In New Jersey, marital property is subject to equitable distribution. This means that in the event of a divorce, marital property will not necessarily be divided on fifty-fifty or equal basis, but rather, on a fair or equitable basis.

Equitable distribution process:

First, a determination must be made as to which assets are considered to be marital assets. Generally, assets acquired from the date of the parties’ marriage, through the date of the filing of the Complaint for Divorce, are considered to be marital assets that are subject to equitable distribution. These assets may include, but are certainly not limited to, homes, bank accounts, brokerage accounts, businesses, corporations, retirement accounts, pensions, employment benefits, stock options, deferred compensation, cars, and furniture and furnishings.

Generally, property acquired prior to the marriage, inheritance received by one spouse during the marriage, and gifts from third parties to one spouse during the marriage, are considered separate property, and are not subject to equitable distribution. In addition, property acquired subsequent to the filing of the Complaint for Divorce is exempt from equitable distribution. The party claiming that property is exempt has the burden proof, meaning that he or she must demonstrate (or prove) that the property is, in fact, exempt.

There are various exceptions to the aforementioned concepts. For instance, if separate property is comingled with marital property the Court may consider it to be marital property. Moreover, the value of any improvements to separate property made during the marriage may also be considered to be marital property.

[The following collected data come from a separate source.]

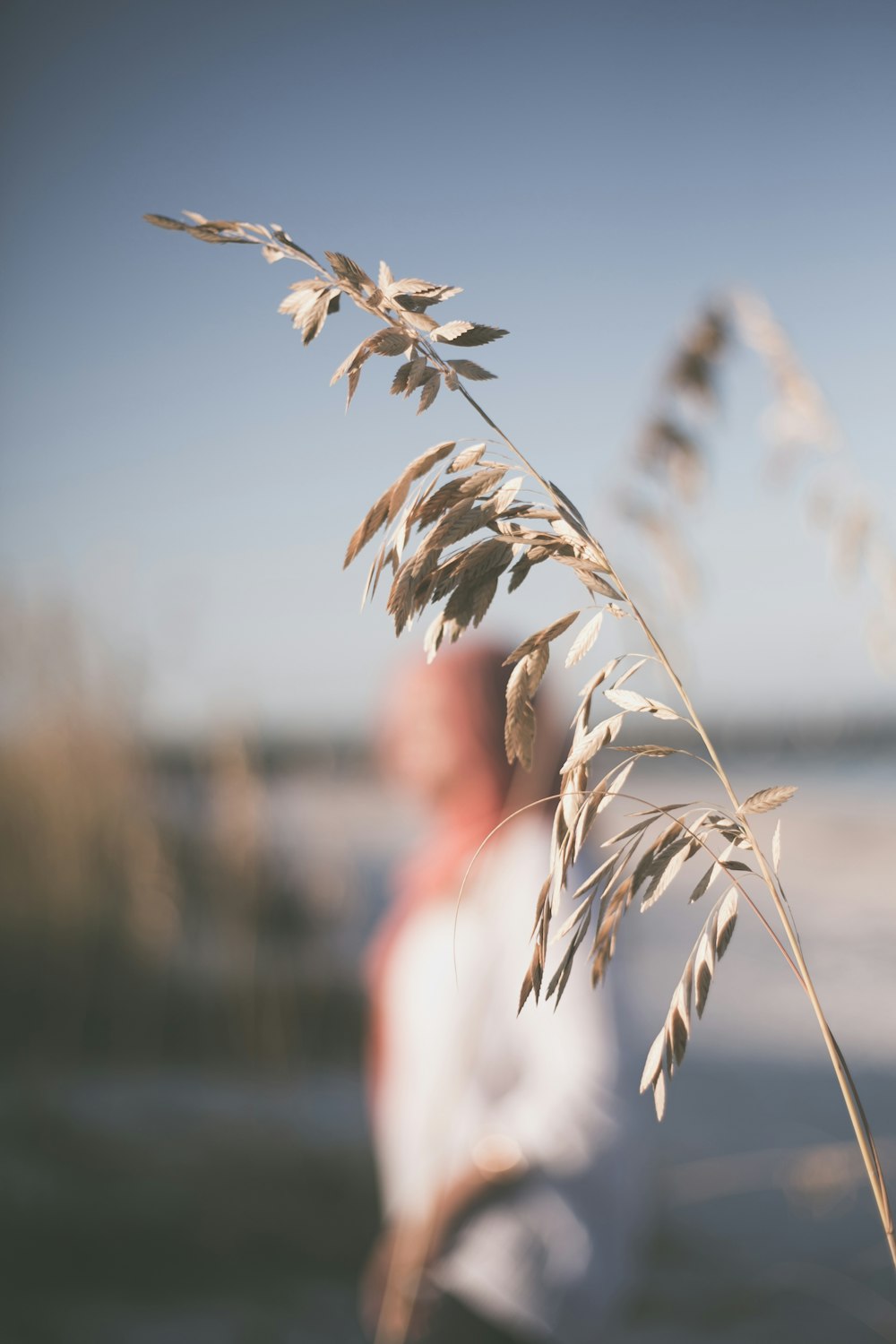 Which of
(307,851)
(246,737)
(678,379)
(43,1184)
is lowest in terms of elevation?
(43,1184)

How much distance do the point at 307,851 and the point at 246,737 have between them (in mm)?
2885

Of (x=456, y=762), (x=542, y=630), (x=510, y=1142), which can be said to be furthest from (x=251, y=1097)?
(x=542, y=630)

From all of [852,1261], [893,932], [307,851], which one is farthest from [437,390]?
[893,932]

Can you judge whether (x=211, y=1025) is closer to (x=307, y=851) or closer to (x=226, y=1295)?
(x=307, y=851)

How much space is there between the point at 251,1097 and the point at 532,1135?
111 inches

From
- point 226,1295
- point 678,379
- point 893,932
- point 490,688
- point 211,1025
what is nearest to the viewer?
point 678,379

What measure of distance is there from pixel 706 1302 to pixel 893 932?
3.85 meters

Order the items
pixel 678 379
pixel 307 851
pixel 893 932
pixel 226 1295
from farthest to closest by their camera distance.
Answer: pixel 893 932 < pixel 307 851 < pixel 226 1295 < pixel 678 379

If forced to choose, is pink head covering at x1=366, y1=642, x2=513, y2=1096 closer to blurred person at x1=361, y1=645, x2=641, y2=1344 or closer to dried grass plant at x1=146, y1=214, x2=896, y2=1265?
blurred person at x1=361, y1=645, x2=641, y2=1344

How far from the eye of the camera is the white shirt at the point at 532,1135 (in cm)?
164

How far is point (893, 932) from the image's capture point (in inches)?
250

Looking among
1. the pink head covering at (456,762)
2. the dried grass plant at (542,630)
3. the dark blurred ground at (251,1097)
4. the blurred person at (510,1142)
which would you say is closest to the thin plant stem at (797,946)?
the dried grass plant at (542,630)

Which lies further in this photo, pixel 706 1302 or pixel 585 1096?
pixel 706 1302

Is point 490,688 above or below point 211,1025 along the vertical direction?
above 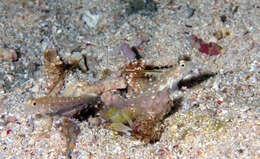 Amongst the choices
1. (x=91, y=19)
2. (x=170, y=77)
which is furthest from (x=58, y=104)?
(x=91, y=19)

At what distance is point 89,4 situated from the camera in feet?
19.9

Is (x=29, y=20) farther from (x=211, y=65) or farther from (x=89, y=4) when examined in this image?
(x=211, y=65)

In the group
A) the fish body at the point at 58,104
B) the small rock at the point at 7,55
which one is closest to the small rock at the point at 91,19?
the small rock at the point at 7,55

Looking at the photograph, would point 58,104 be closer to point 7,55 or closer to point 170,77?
point 7,55

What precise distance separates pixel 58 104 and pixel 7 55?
198 cm

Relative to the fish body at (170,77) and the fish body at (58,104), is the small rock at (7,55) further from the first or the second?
the fish body at (170,77)

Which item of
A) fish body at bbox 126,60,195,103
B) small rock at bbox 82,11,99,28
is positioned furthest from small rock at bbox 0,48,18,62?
fish body at bbox 126,60,195,103

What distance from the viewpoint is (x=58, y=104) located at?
3754mm

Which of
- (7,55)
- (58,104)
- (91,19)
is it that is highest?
(91,19)

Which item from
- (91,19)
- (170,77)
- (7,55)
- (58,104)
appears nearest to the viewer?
(58,104)

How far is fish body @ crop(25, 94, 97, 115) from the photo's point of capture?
368 cm

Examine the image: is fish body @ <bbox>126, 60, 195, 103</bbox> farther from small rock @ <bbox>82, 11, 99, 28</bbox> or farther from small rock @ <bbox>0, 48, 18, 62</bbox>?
small rock @ <bbox>0, 48, 18, 62</bbox>

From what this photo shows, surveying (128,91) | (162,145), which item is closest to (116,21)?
(128,91)

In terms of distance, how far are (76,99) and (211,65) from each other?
321 centimetres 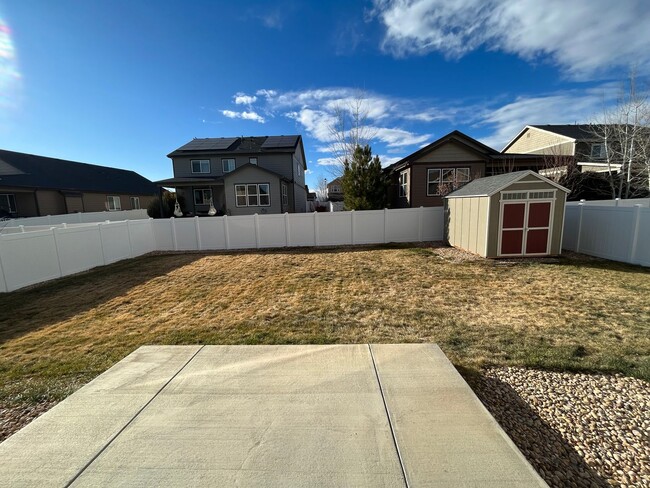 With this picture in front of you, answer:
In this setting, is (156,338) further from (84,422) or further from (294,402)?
(294,402)

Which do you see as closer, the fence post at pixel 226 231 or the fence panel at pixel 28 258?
the fence panel at pixel 28 258

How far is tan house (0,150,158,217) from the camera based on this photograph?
874 inches

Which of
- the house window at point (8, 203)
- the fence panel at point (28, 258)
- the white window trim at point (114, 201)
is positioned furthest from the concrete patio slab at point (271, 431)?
the white window trim at point (114, 201)

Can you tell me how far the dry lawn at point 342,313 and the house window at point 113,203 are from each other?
24541mm

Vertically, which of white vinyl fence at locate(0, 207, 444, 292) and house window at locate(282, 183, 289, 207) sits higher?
house window at locate(282, 183, 289, 207)

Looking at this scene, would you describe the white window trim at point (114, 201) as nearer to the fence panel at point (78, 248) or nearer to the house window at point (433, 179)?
the fence panel at point (78, 248)

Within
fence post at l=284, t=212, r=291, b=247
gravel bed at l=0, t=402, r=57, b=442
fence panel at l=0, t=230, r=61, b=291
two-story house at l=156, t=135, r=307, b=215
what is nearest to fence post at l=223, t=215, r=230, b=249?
fence post at l=284, t=212, r=291, b=247

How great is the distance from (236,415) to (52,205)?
30.6m

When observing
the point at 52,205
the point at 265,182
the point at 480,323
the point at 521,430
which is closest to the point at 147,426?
the point at 521,430

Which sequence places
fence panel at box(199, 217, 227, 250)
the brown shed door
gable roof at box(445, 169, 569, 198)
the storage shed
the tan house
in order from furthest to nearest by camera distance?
the tan house < fence panel at box(199, 217, 227, 250) < the brown shed door < the storage shed < gable roof at box(445, 169, 569, 198)

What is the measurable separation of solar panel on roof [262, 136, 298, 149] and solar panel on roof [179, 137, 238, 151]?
10.6ft

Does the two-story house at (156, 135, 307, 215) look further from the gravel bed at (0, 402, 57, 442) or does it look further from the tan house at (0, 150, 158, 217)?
the gravel bed at (0, 402, 57, 442)

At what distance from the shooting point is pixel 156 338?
183 inches

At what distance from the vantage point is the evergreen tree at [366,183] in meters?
15.9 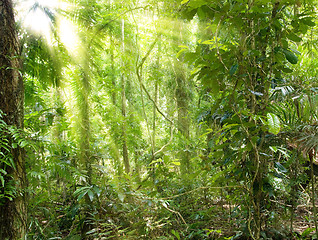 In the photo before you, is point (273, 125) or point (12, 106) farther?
point (12, 106)

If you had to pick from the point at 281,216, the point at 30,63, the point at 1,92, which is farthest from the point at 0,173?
the point at 281,216

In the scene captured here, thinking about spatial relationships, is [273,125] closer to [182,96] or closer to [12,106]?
[12,106]

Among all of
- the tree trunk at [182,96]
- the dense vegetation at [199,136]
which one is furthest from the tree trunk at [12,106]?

The marital property must then be valued, and thereafter distributed in the most equitable fashion. The Court does this by considering several statutory factors, including, but certainly not limited to: the length of the marriage; the age and health of the parties; the income or property that each party brought to the marriage; the earning capacity and income of each party; the standard of living established during the marriage; the economic circumstances of each party at the time that the property is divided; any written agreement made by the parties concerning the property division; the contributions of each party, financially, as a homemaker, or otherwise, to the acquisition or appreciation of the value of marital property; the dissipation of the value of marital property by each party; and the debts and liabilities of the parties.